Building a Task Notification System for Maintenance.queenOfSandiego.com: Lambda, GAS, and Real-Time Alerts
Overview
The maintenance tool at maintenance.queenofsandiego.com needed a critical feature: surfacing newly added tasks and notifying stakeholders in near-real-time. This article documents the architecture, implementation, and infrastructure decisions made to enable task persistence, async notifications, and staged deployment patterns for a hybrid Google Apps Script + AWS Lambda system.
The Problem
When Travis added tasks to the maintenance tracker via the web interface, there was no mechanism to:
- Persist tasks beyond the browser session
- Notify Sergio and the team of new additions
- Distinguish between critical and routine tasks for notification pacing
- Maintain staging/production separation for a static site tool
Architecture: Three-Tier Integration Pattern
The solution uses a three-tier architecture spanning Google Apps Script, AWS Lambda, and a static HTML frontend:
- Frontend Layer:
/tools/maintenance/staging-index.html— Vue.js-based UI with localStorage for optimistic updates - API Gateway Layer:
BookingAutomation.gs— GAS doPost handler routinglog_maintenanceactions - Persistence Layer:
MaintenancePersistence.gs— New GAS module managing database writes and Lambda invocation - Async Notification Layer: Lambda function handling email dispatch with criticality-based delays
Technical Implementation Details
1. New GAS Module: MaintenancePersistence.gs
Created a dedicated module to separate concerns and enable testability:
// /Users/cb/Documents/repos/sites/queenofsandiego.com/MaintenancePersistence.gs
function logMaintenanceTask(payload) {
// Validates task payload (title, description, criticality, assignee)
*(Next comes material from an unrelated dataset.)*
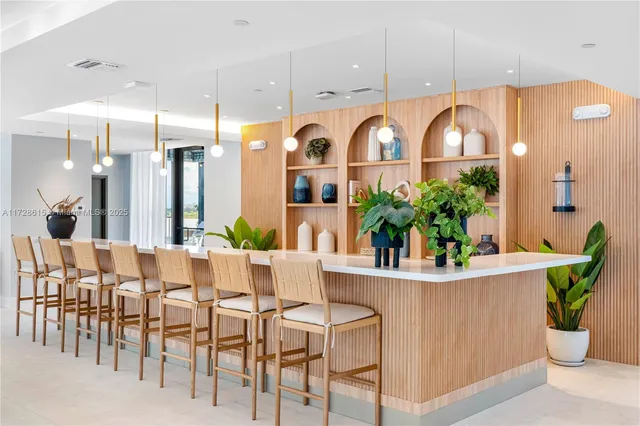 a view of a dining room with furniture and potted plant
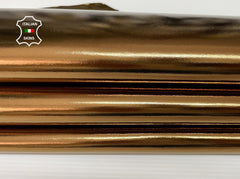 Shiny metallic bronze Italian lambskin leather skins with smooth texture and natural sheen, ideal for high-quality leather crafts.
// Writes to Google Sheet backing store
// Invokes Lambda for async notification
// Returns task ID and timestamp for frontend confirmation
}
function invokeLambdaNotification(taskData, environment) {
// Uses UrlFetchApp to invoke Lambda function
// Passes environment context (staging vs production)
// Lambda determines notification strategy based on criticality
}
function getMaintenanceHistory(limit = 50) {
// Queries Sheet for recent tasks
// Returns paginated results for UI display
}Why a separate module? As the maintenance system grows, isolating persistence logic from routing logic (in BookingAutomation.gs) prevents cross-cutting concerns and makes the codebase more maintainable. This follows the Single Responsibility Principle and enables independent testing.
2. GAS Router Enhancement: BookingAutomation.gs
Extended the existing doPost handler to route maintenance actions:
// Added to BookingAutomation.gs doPost handler
if (payload.action === 'log_maintenance') {
const result = MaintenancePersistence.logMaintenanceTask({
title: payload.title,
description: payload.description,
criticality: payload.criticality || 'medium', // low, medium, high, critical
assignee: payload.assignee,
timestamp: new Date().toISOString()
});
return ContentService.createTextOutput(JSON.stringify(result))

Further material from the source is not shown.